12B.4 Validation of COAMPS-TC Forecasts of Hurricane Joaquin (2015) using TCI Observations

Thursday, 19 April 2018: 12:00 AM
Masters ABCD (Sawgrass Marriott)
Jonathan R. Moskaitis, NRL, Monterey, CA; and J. D. Doyle and R. M. Hodur

Real-time deterministic dynamical model forecasts of Hurricane Joaquin’s track had unusually large errors, particularly the GFS and GFS-based regional TC prediction models. CTCX, the real-time GFS-based run of COAMPS-TC, was no exception with forecasts initialized early in the storm’s life consistently erring north and west of the observed track.

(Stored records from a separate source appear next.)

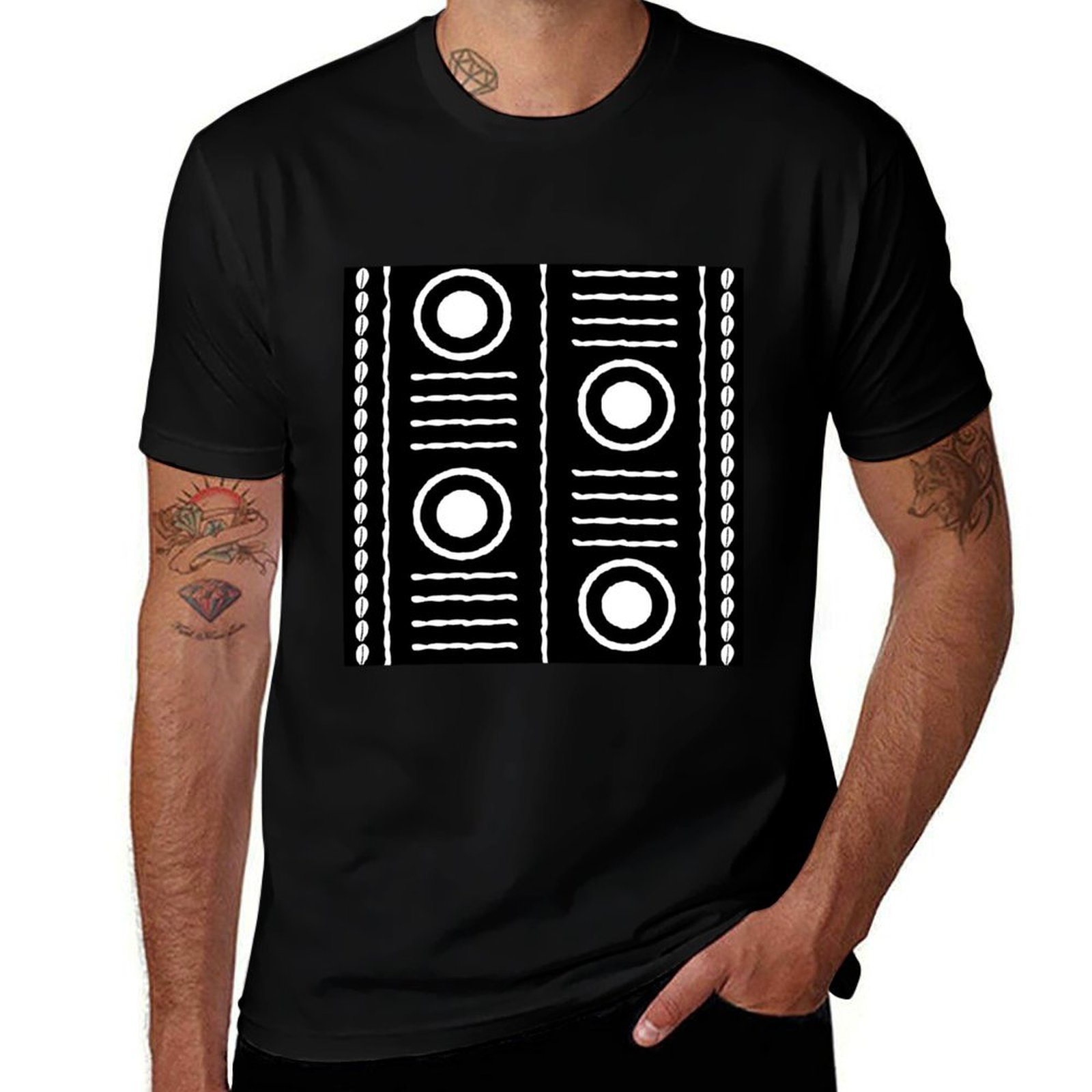 Mudcloth Print Top - Kaos Desain Kain Lumpur Tradisional Afrika,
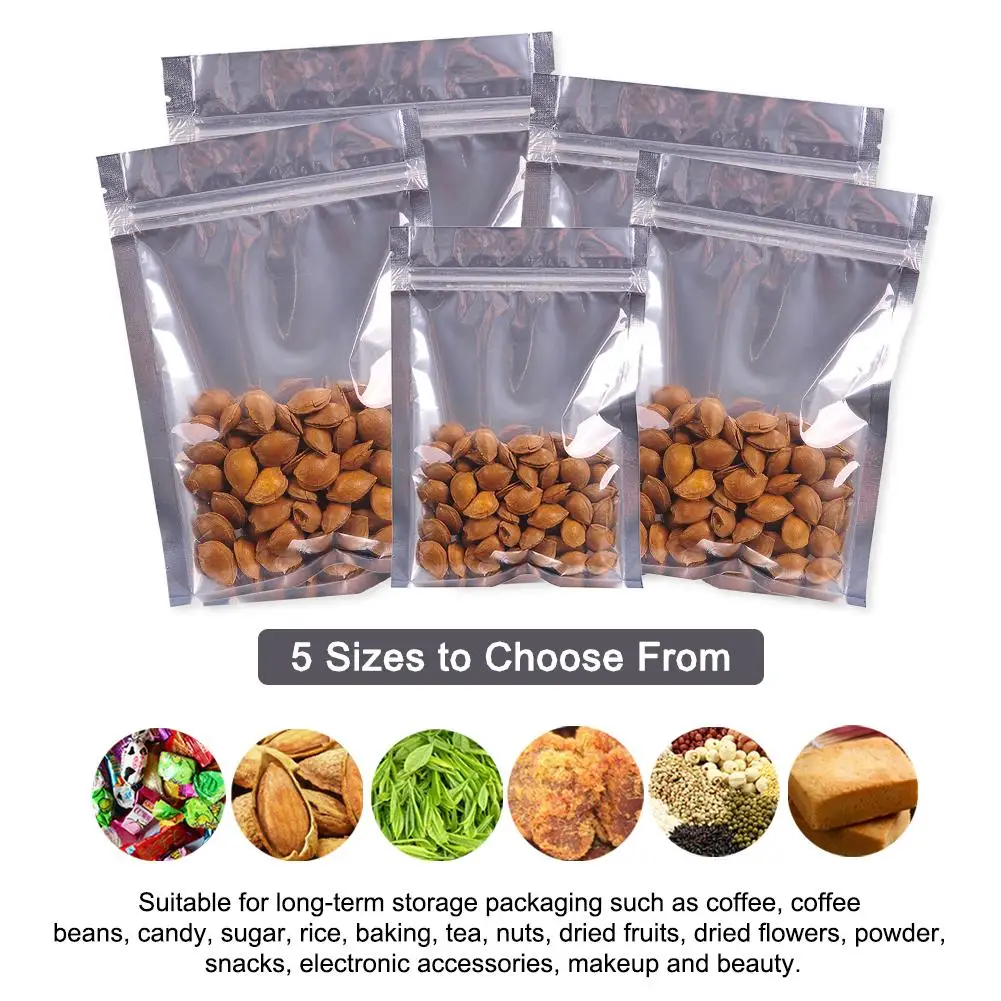 100 шт./лот алюминиевая фольга/прозрачная сумка Самоуплотняющаяся на молнии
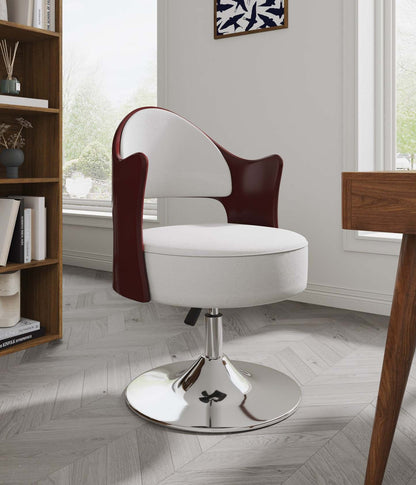 Manhattan Comfort Bopper Polished Chrome Faux Leather Adjustable Height Rotating Accent Chair - White|Fauteuil d'appoint pivotant Bopper de Manhattan Comfort à hauteur réglable en chrome poli et en similicuir - blanc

CTCX is a nested-grid model, with a fixed outer domain at 45 km horizontal resolution, and storm-following inner nests at 15 km and 5 km horizontal resolution (as configured in 2015). We have retrospectively run the new Basin-scale COAMPS-TC configuration for Joaquin, utilizing the same initial and boundary conditions as CTCX. Basin-scale COAMPS-TC employs a very large fixed 5 km grid covering the same region as the CTCX outer domain, in essence utilizing the CTCX innermost grid “everywhere”. The Basin-scale COAMPS-TC track forecasts for Joaquin are far closer to the observed track than the real-time CTCX forecasts, capturing the unusual southwestward motion much better than CTCX and the other GFS-based models.

Here we assess why the Basin-scale COAMPS-TC track forecasts for Joaquin are superior to those of CTCX, validating the simulation of the vortex and the near-storm environment using HDSS dropsonde observations taken during TCI, as well as using ECMWF analyses. We also examine the track performance for Basin-scale COAMPS-TC in the context of a large sample of recent forecast cases in the Atlantic and Western North Pacific to ascertain whether the Joaquin results have some general implications for Basin-scale vs. nested-grid track prediction.